Il s'agissait là de problèmes majeurs, mais d'autres se posent, auxquels on parvient à s'habituer. Des actions comme le crochetage de serrure ou le déminage sont ainsi devenues peu ergonomiques, de même que la gestion de votre vitesse de déplacement, en raison du manque d'amplitude et de sensibilité offert par le stick de la PSP. Faire tourner délicatement ce dernier pour ouvrir une porte ou désactiver une mine demande un doigté parfois décourageant. On s'y fait, mais pas sans mal. Enfin, en marge du jeu, il faudra composer avec des temps de chargements longs et fréquents, y compris pendant les missions qui se voient découpées en plusieurs sous-niveaux.

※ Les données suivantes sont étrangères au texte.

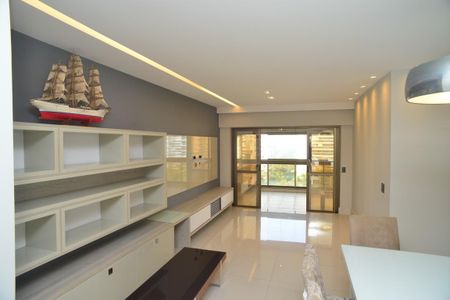 Sala de apartamento para alugar com 4 quartos, 150m² em Barra da Tijuca, Rio de Janeiro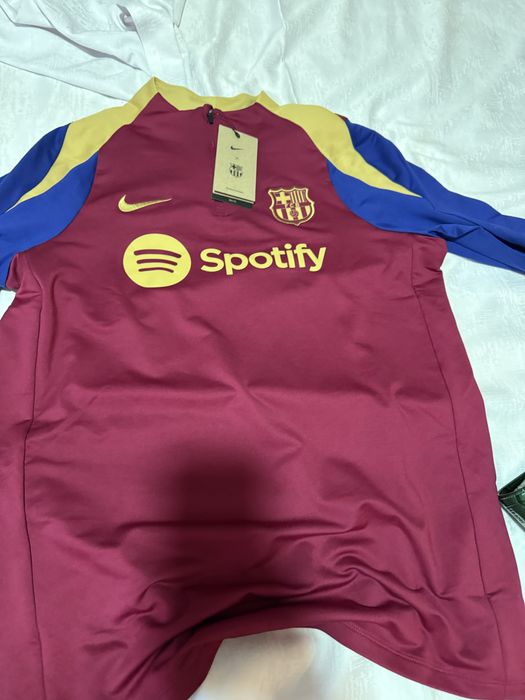 Barcelona zip top горнище 23/24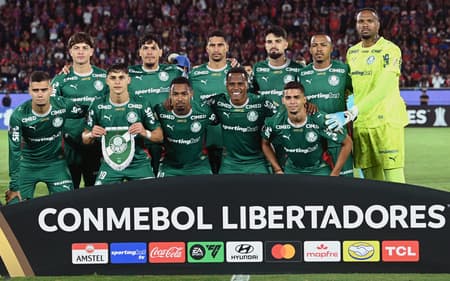 Jogadores do Palmeiras perfilados antes de enfrentar o Cerro (Foto: DANIEL DUARTE / AFP)
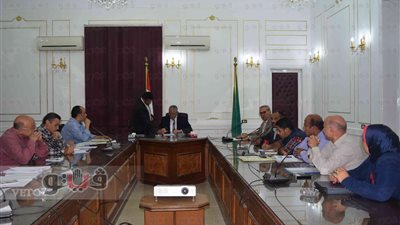 محافظ المنيا يبحث مشكلات ومعوقات قرى الظهير الصحراوي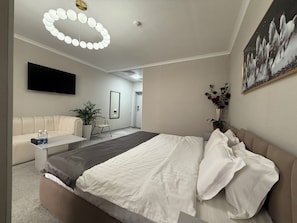 Comfort Double Room - Taj Mahal  (Osh)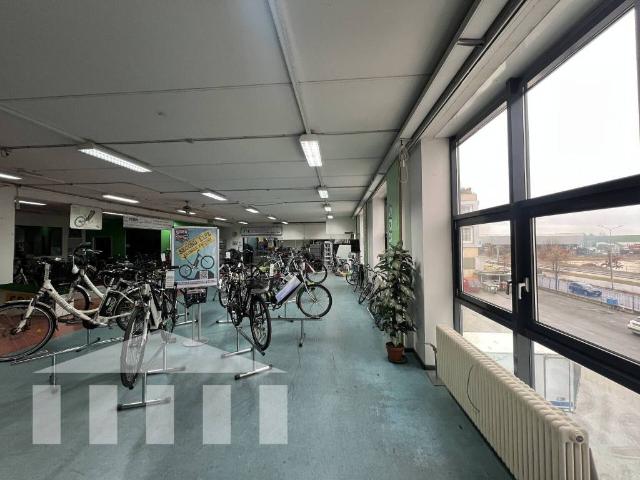Locale Commerciale in affitto a Oltrisarco-Aslago - Oberau-Haslach, Bolzano - Bozen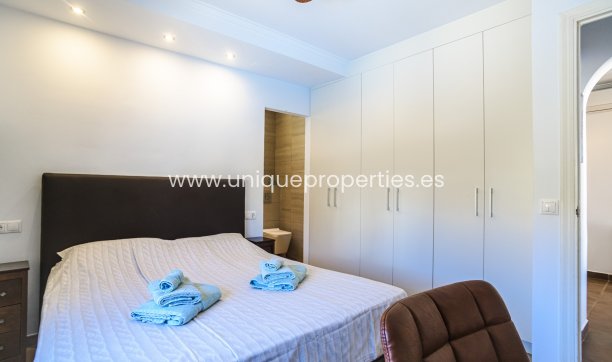 Resale - House -
San Fulgencio - urb.la marina
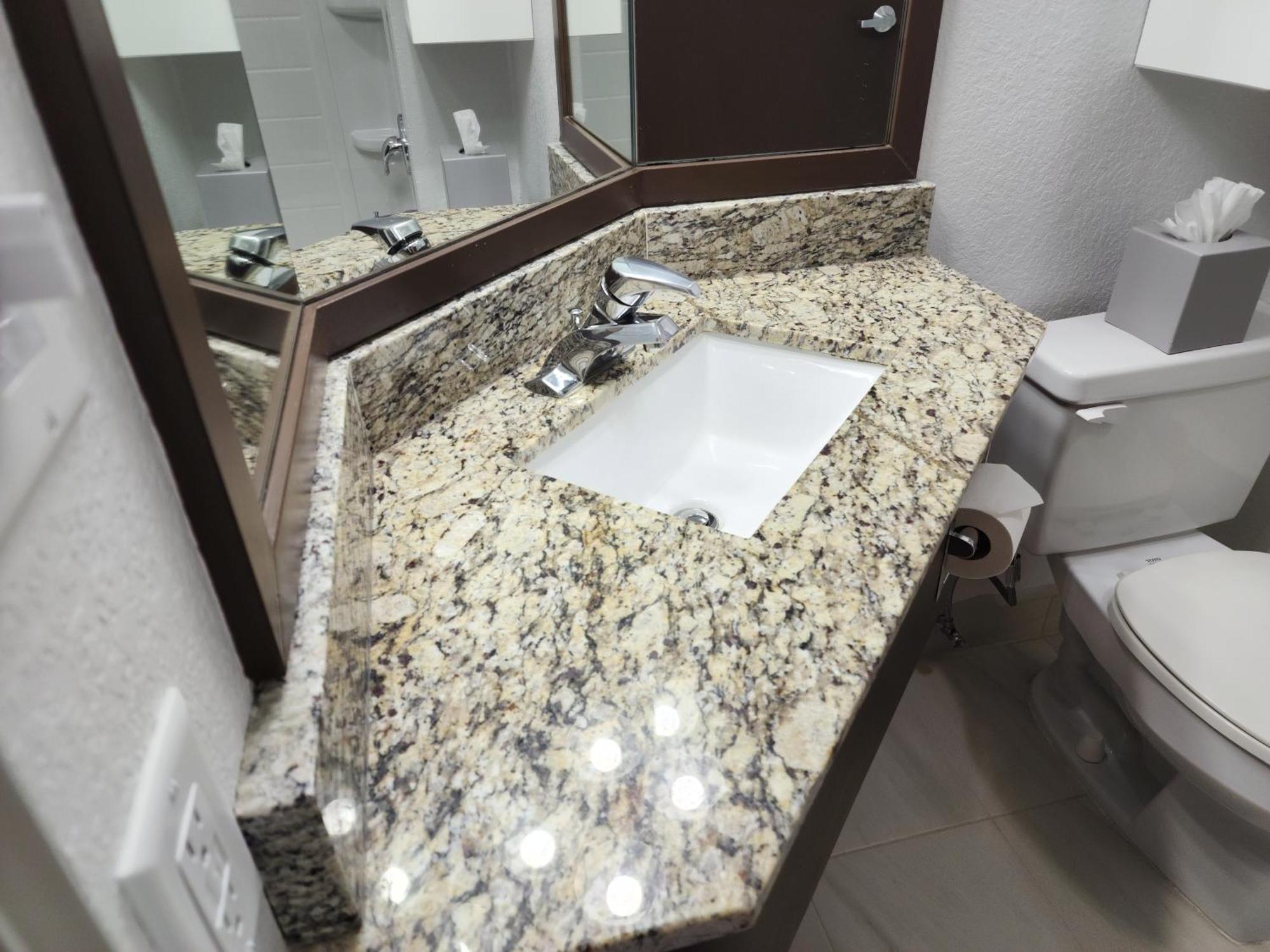 Quality Inn & Suites Denver International Airport Eksteriør billede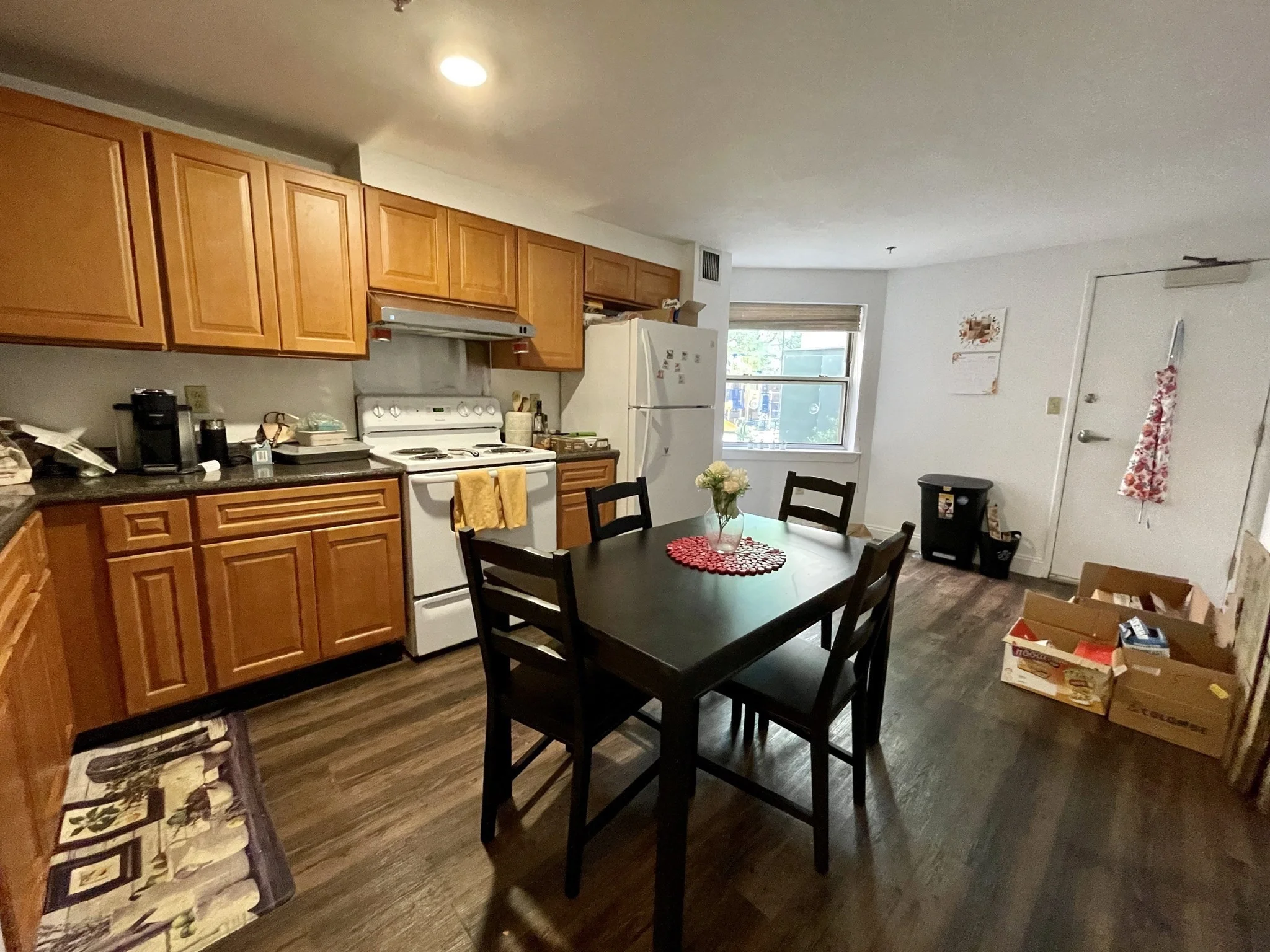 3 bed, 1 bath apartment for rent at 1 Pine St Unit B, Chinatown — photo 6 of 20
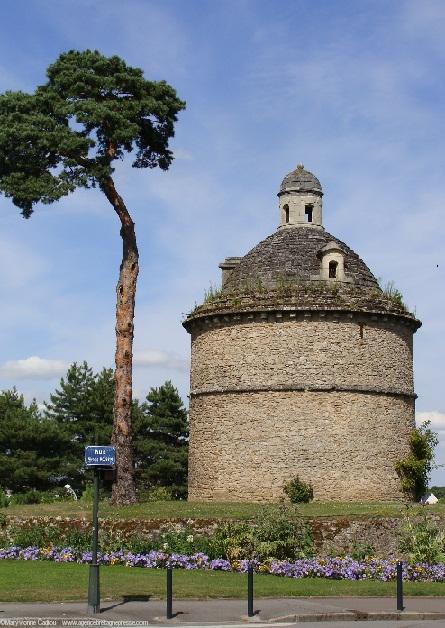 Le pigeonnier des Dervallières du XVIIe siècle. Seul vestige de la propriété de comte de La Brosse acquise en 1952 par la ville pour construire et reloger les familles après la 2e guerre mondiale. Le château du XVIIe a été discrètement démoli en 1987 contre la volonté des habitants.
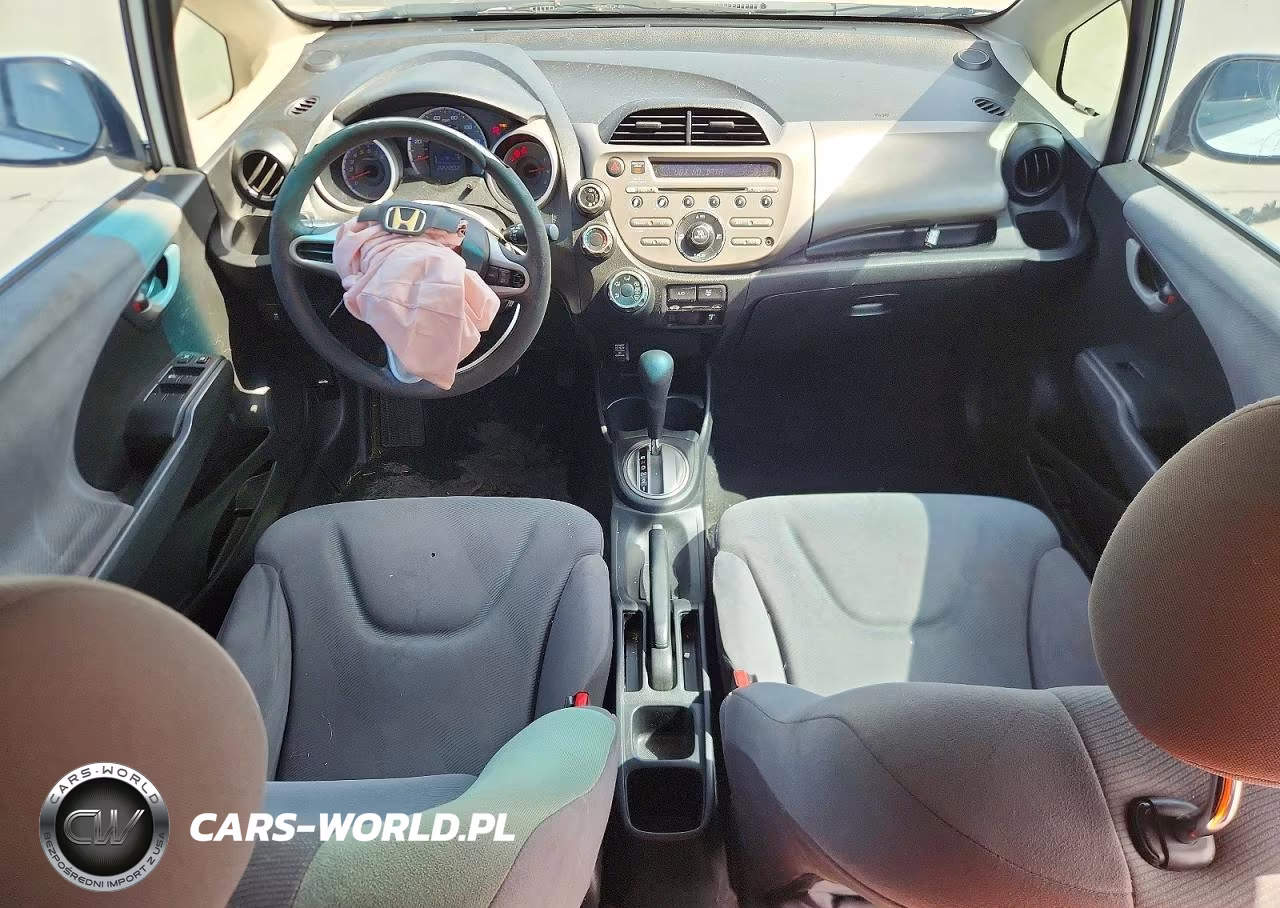 2012 Honda Fit VIN:JHMGE8H37CC026920 - 8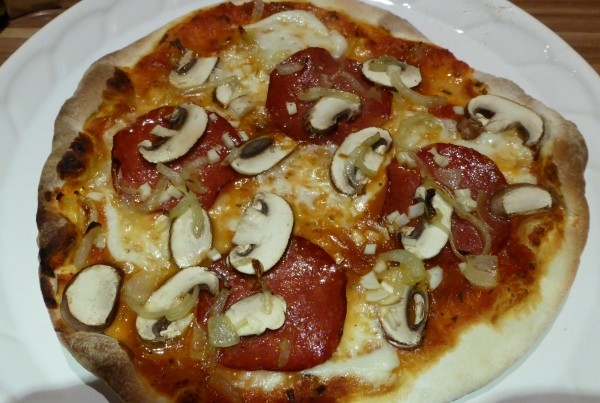Pizza selber machen Rezept wie beim Italiener, gebacken auf Schamottestein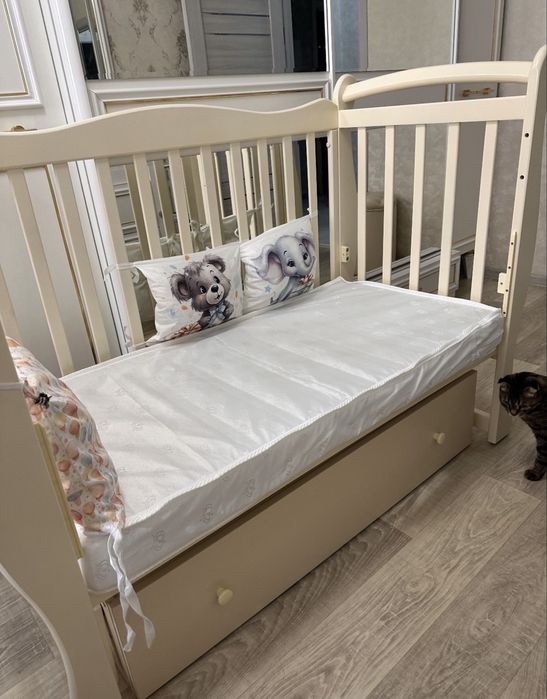 Детская кроватка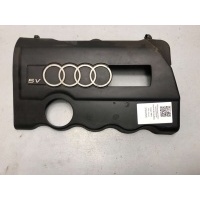 Декоративная крышка двигателя Audi A4 B5 (S4,RS4) 1997 058103724C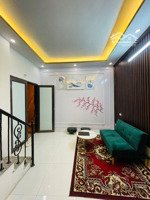 nhà 20m2 đẹp như mới 3t 2 phòng ngủ, full nội thất ngõ thoáng sạch ban công phơi về ở ngay giá tốt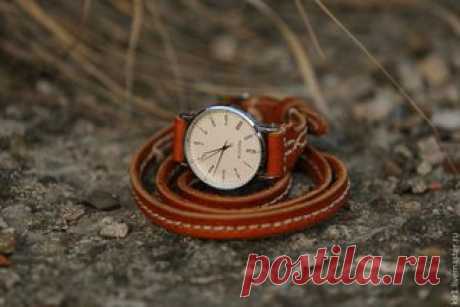 Часы спираль времени
Наручные часы «Спираль времени» выполнены в оригинальном стиле с тонким кожаным ремешком. На руку они одеваются в виде спиральки, откуда и название модели.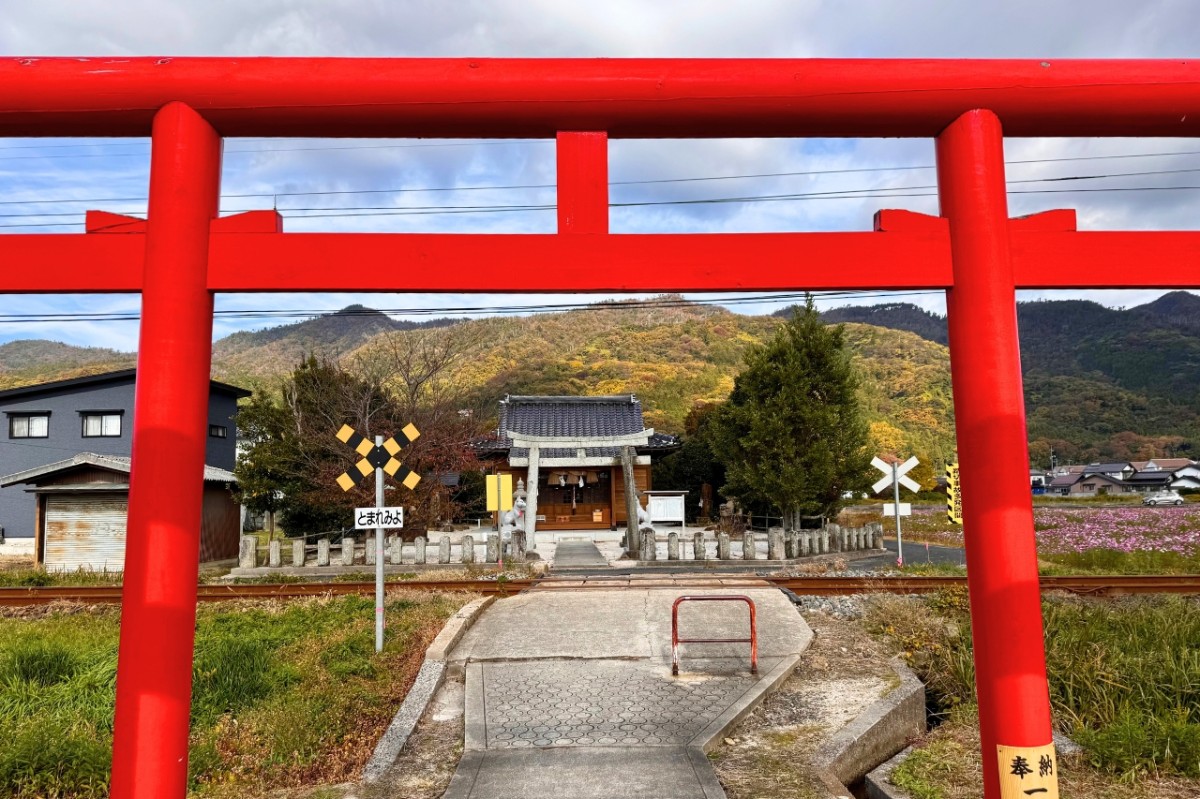 島根県出雲市にある『粟津稲生神社』参道の様子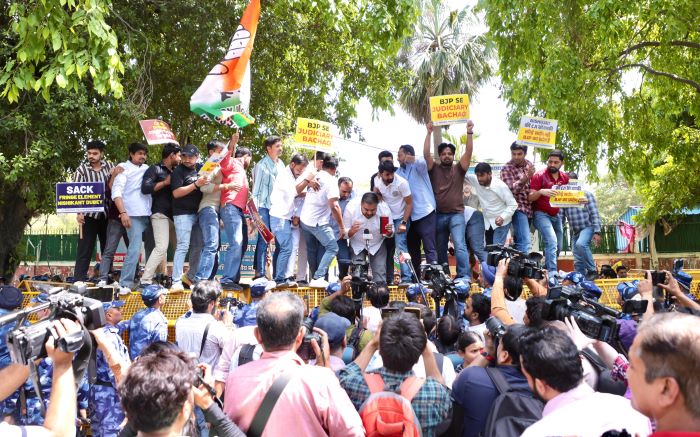 नई दिल्लीः भाजपा सांसद निशिकांत दुबे के विवादित बयान के विरोध में मंगलवार को रायसीना रोड स्थित भारतीय युवा कांग्रेस मुख्यालय के बाहर प्रदर्शन करते यूथ कांग्रेस के कार्यकर्ता नई दिल्लीः भाजपा सांसद निशिकांत दुबे के विवादित बयान के विरोध में मंगलवार को रायसीना रोड स्थित भारतीय युवा कांग्रेस मुख्यालय के बाहर प्रदर्शन करते यूथ कांग्रेस के कार्यकर्ता
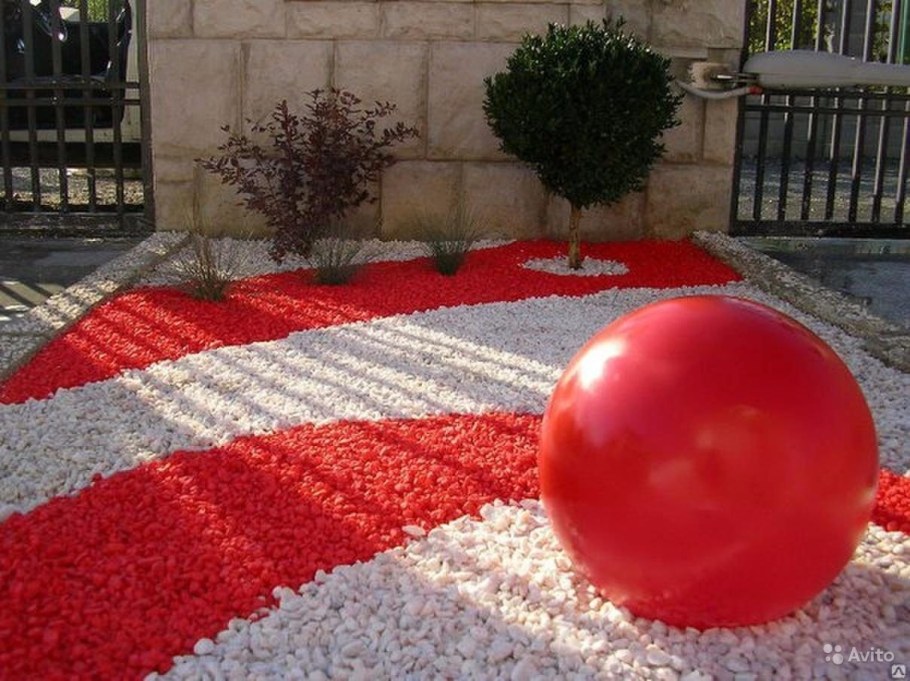 Украсить клумбу камнями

En définitive, que penser de tout ceci ? On ne condamnera pas le titre de façon ferme, Sam conserve tous ses mouvements et gadgets, ce qui n'est pas rien, de même les niveaux restent relativement bien construits même s'ils sont extrêmement linéaires, malheureusement, il faut souffrir pour en profiter, subir un paquet de choses pesantes et fatigantes, suffisamment pour que même en tant que fan de la série, on y réfléchisse à deux fois.
- Graphismes13/20
On y voit tellement peu qu'on a presque du mal à savoir si le jeu est beau ou pas. Le modèle de Sam est réussi, de même que son animation, pour le reste, le design se perd complètement dans l'obscurité et la vision nocturne transforme toutes les textures en bouillie de pixels.
- Jouabilité10/20
La prise en main est irritante au possible avec une caméra stupide qui rend les déplacements et les actions hasardeux. Dommage, car Fisher dispose d'une panoplie conséquente en la matière.
- Durée de vie12/20
12 missions solos qui n'opposent guère de résistance en raison de l'I.A embryonnaire, on n'en dira pas autant de la maniabilité qui sera responsable d'échecs stupides. Le multi est tout ce qu'il y a de plus anecdotique.
- Bande son14/20
Quelques notes de musique se font entendre lors de certaines scènes de jeu, mais on est loin de la B.O. signée Amon Tobin de Splinter Cell 3. Le doublage en V.F. est très correct cela dit.
- Scénario13/20
Plus un prétexte au flashback introduisant les anciennes missions, le scénario déçoit dans son rôle d'introduction à Double Agent.
En ayant su conserver quelques atouts, Sam Fisher évite la catastrophe totale mais Splinter Cell Essentials n'en reste pas moins un soft frustrant et usant à bien des égards. La contorsion des rétines nécessaire à la progression dans le noir, la caméra ahurissante ou le manque de précision du stick analogique seront des obstacles majeurs que tout un chacun n'aura pas envie de surmonter. On ne les en blâmera pas.